◆ Aim of the task
Pictures excluded, copy word for word the lines from the one holding "Thumbnail 2 in" through the last line below.

● ● ● ●

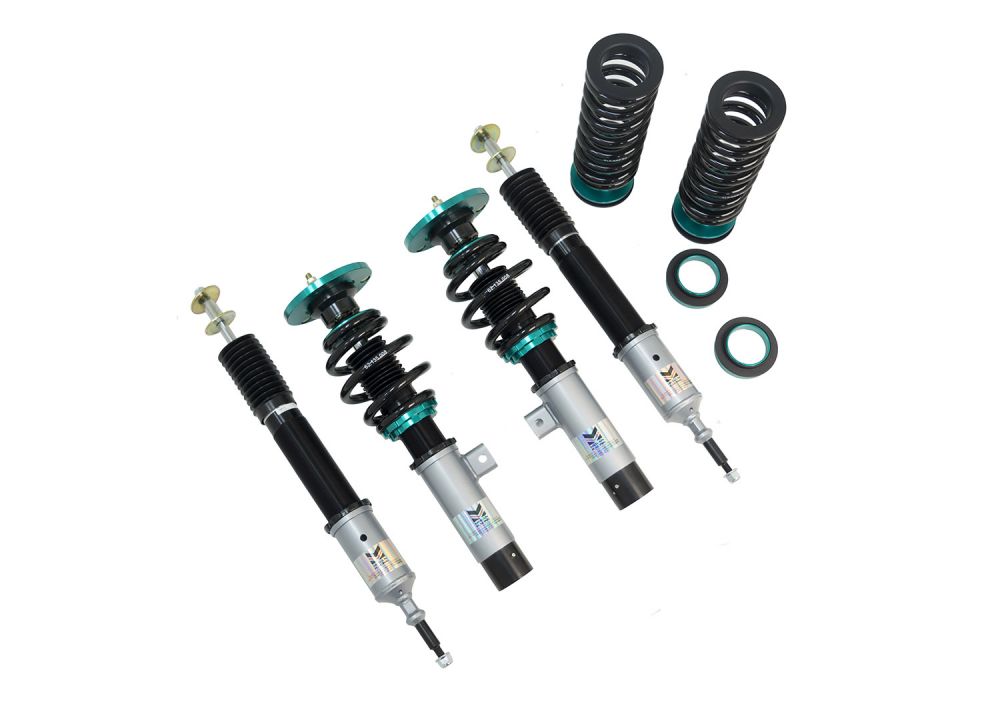 Megan Racing Coilover Damper Kit for BMW 3-Series (E90) 06-11 Sedan (EXCLUDES XI AWD)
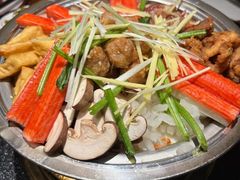 -陈阿宝·山西菜馆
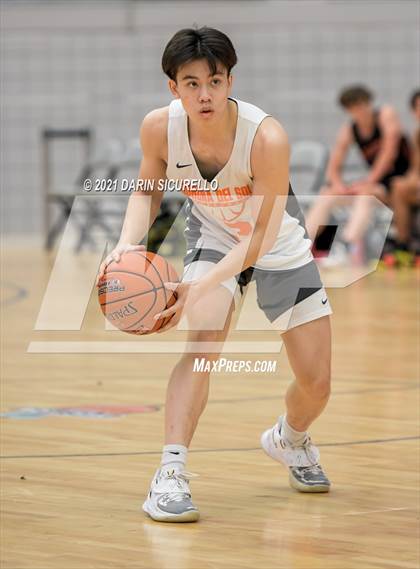 Thumbnail 2 in Arcata vs Corona del Sol (Section 7 Arizona Tournament) photogallery.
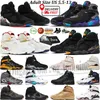 Med Box Jumpman 8 8s Playoff Mens Basketball Shoes Aqua Chrome South Beach Black Grey Ta Flight Trophy Black Samurai Raid Gunsmoke Sports Sneakers Trainers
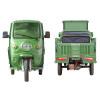 Грузовой электротрицикл Rutrike Гермес 1500 60V1200W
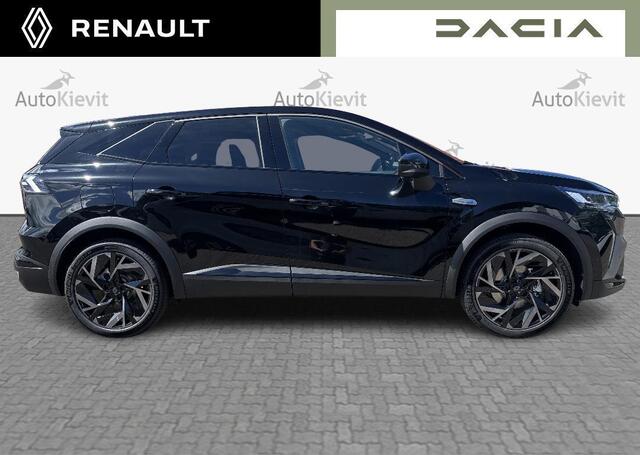 Renault Symbioz 1.8 E-Tech full hybrid 160 esprit Alpine - pack light & sound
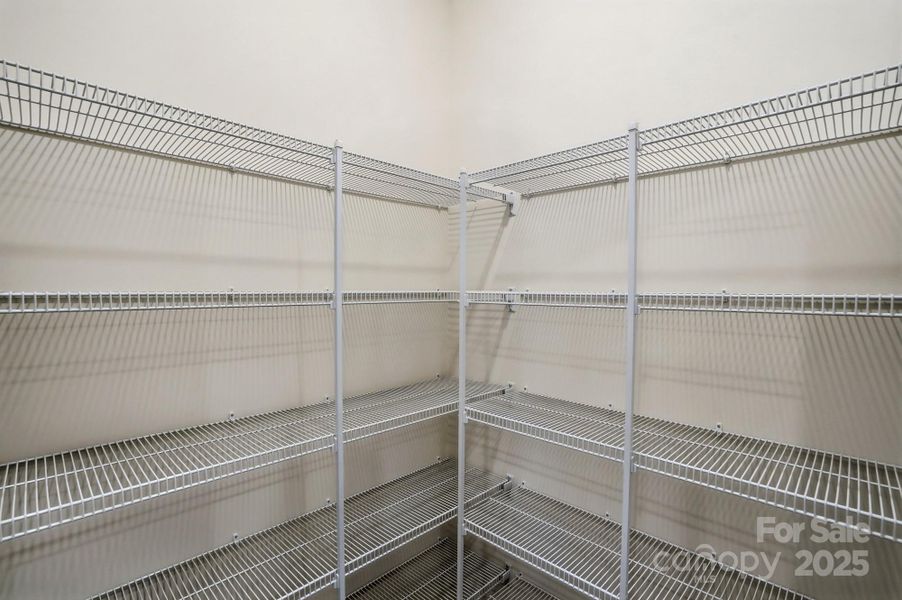 Spacious, unfurnished interior of a new home in Wilson Creek, Indian Land (Image 40).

● ● ● ●

◆ Result of this exercise
 Thumbnail 2 in Arcata vs Corona del Sol (Section 7 Arizona Tournament) photogallery.
 Med Box Jumpman 8 8s Playoff Mens Basketball Shoes Aqua Chrome South Beach Black Grey Ta Flight Trophy Black Samurai Raid Gunsmoke Sports Sneakers Trainers
 Грузовой электротрицикл Rutrike Гермес 1500 60V1200W
 Renault Symbioz 1.8 E-Tech full hybrid 160 esprit Alpine - pack light & sound
 Spacious, unfurnished interior of a new home in Wilson Creek, Indian Land (Image 40).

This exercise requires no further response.